**Records supplied:**
══════

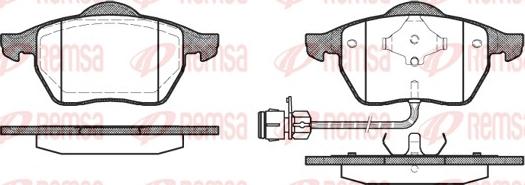 Remsa 0390.02 - Kit pastiglie freno, Freno a disco autozon.pro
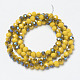 Electroplate Opaque Solid Color Glass Beads Strands EGLA-A034-P4mm-I15-2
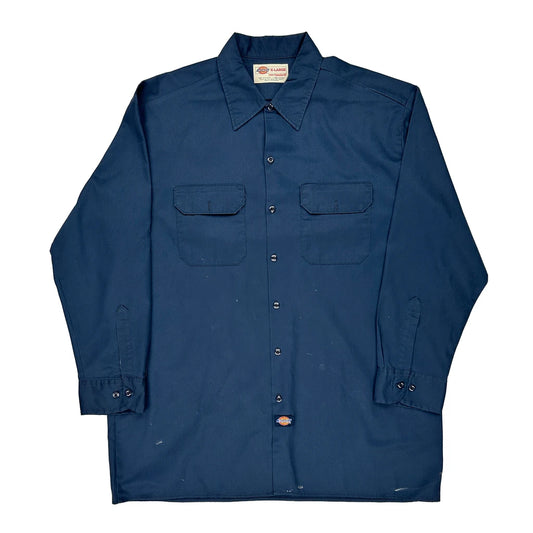 Dickies Shirt - XL Blue Cotton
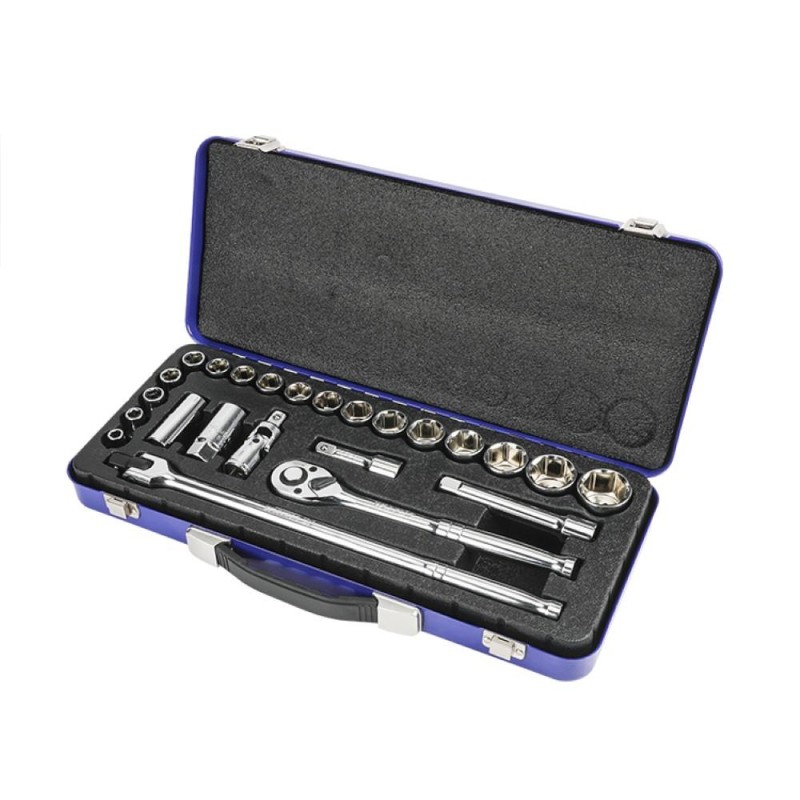 WORKPRO WP202564 1/2'’ Cr-V 24 Parça Metrik Ağır Hizmet Lokma Takımı WORKPRO WP202564 1/2'’ Cr-V 24 Parça Metrik Ağır Hizmet Lokma Takımı
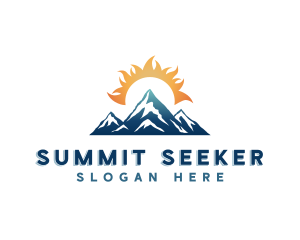 Sun Mountain Summit logo design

══════

Retype, without any picture, exactly the lines from the one with "Dickies Shirt - XL Blue Cotton" through the end of the entries, inclusive.

 Dickies Shirt - XL Blue Cotton
 WORKPRO WP202564 1/2'’ Cr-V 24 Parça Metrik Ağır Hizmet Lokma Takımı WORKPRO WP202564 1/2'’ Cr-V 24 Parça Metrik Ağır Hizmet Lokma Takımı
 Sun Mountain Summit logo design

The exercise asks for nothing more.